В приглушённом ночном освещении спальни светлая без единого изъяна кожа Моргана выглядела золотистой. Сделать её вот такой идеальной по всему телу стоило безумных денег. Видимо, у Моргана они были. Длинная нога c изящно очерченными мускулами виднелась из-под покрывала и притягивала к себе взгляд. Рассматривать случайного любовника оказалось безумно приятно и интересно. Сколько ему лет? Больше, чем показалось при первой встрече: в нежных очертаниях рта сейчас заметно проглядывала мужская жёсткость с каплей надменности. Похоже, Морган совсем не такая доверчивая милашка, какой казался, и вполне умеет проявить характер. Растерялся в нестандартной ситуации? Скорее, просто не видит необходимости.
Интересно, окажется ли прав Макси: вспомнит ли парень утром кто он и откуда? Хорошо бы. Отдавать его Гидеону Лагату вот такого, ничего не помнящего, Катце не хотелось. Вдруг... Вдруг парень в розыске, и его ждут большие неприятности. На Амои с нелегалами не церемонились, а с туристами, просрочившими визу, — тем более. Таких называли «топляками», и путь для них был один — Керес. Если, конечно, человек не находился на самой верхушке пищевой пирамиды. На проступки тех, кто имел большие деньги и власть, законодательная система Амои глаза благосклонно закрывала. Естественно, не даром. Вероятность, что для Моргана всё закончится благополучно, весьма велика. На таких яхтах, как у него, летают только очень состоятельные люди. Если, конечно, это его яхта. Зарегистрирована она на женщину, но мало ли? Угнать что-то, оснащённое системой «эксклюзив контроль», невозможно, это известно всем. Возможно, регистрационная запись по какой-то причине не обновилась. Сделав такие выводы, Катце постепенно успокоился и, обняв парня, который и не думал просыпаться, вскоре задремал.
Проснулся он неожиданно, как от толчка, и сразу увидел, что Морган уже не спит.
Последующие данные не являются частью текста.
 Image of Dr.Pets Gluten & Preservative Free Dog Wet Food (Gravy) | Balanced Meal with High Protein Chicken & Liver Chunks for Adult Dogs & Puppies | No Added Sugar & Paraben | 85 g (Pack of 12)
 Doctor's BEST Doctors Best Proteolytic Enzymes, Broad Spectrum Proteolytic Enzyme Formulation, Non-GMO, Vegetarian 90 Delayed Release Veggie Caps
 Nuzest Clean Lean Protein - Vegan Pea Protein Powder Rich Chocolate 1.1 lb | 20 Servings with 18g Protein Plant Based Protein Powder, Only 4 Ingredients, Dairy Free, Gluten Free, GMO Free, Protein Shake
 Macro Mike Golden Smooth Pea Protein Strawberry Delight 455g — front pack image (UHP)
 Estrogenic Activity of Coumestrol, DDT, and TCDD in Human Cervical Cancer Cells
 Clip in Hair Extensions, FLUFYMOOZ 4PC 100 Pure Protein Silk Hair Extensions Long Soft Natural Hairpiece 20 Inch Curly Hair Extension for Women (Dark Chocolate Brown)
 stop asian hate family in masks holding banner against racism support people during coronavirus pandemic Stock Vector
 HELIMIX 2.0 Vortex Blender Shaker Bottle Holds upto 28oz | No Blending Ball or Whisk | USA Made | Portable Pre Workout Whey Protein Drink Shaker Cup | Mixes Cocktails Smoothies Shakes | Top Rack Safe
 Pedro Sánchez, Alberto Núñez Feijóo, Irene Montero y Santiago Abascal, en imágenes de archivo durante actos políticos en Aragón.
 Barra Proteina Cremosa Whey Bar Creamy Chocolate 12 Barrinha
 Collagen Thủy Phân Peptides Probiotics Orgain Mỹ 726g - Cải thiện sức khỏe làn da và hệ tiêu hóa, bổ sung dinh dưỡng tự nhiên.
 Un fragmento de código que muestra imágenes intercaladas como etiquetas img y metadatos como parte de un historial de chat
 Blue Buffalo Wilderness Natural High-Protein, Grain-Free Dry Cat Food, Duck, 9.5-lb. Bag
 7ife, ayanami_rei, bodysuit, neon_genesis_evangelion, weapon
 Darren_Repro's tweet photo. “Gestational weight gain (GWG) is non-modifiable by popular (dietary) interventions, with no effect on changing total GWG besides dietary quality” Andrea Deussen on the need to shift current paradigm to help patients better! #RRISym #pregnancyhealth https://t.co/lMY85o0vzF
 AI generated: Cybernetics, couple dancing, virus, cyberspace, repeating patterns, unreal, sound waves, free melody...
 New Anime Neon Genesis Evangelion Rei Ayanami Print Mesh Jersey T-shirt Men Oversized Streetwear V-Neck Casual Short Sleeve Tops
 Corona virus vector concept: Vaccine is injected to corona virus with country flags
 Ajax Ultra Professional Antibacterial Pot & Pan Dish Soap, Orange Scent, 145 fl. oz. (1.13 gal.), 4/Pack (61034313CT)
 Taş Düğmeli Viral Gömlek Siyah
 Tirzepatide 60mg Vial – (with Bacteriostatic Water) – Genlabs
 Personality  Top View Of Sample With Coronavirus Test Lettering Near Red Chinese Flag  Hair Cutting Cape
Он стоял обнажённый возле настенных полок, на которых Катце хранил немногочисленные дорогие ему вещи, и держал в руке один из экспонатов его небольшой коллекции. Раскрытую книгу. Выглядело всё именно так, словно он читал. Что было в принципе невозможно. Потому что все книги были очень старые, точнее, древние. Напечатанные ещё на бумаге, на языках, которые давно мертвы.
— Знаешь, что это такое? — охрипшим голосом спросил Катце ему в спину.
— Да, — просто ответил Морган. — Старинные книги. Антиквариат, — он повернулся к кровати. — Если ты решишь это продать, сможешь позволить себе вполне безбедную жизнь на какой-нибудь планете-курорте.
Катце медленно кивнул. Продавать коллекцию он не собирался, проводить остаток жизни, бездельничая, — тоже, но объяснять ничего не хотелось.
— Бумажные книги — большая редкость, — вместо этого сказал он. — Большинство из них находят в таком ветхом состоянии, что восстановление невозможно.
— А если их к тому же обнаруживают дилетанты — совсем без шансов, — проявил осведомлённость Морган.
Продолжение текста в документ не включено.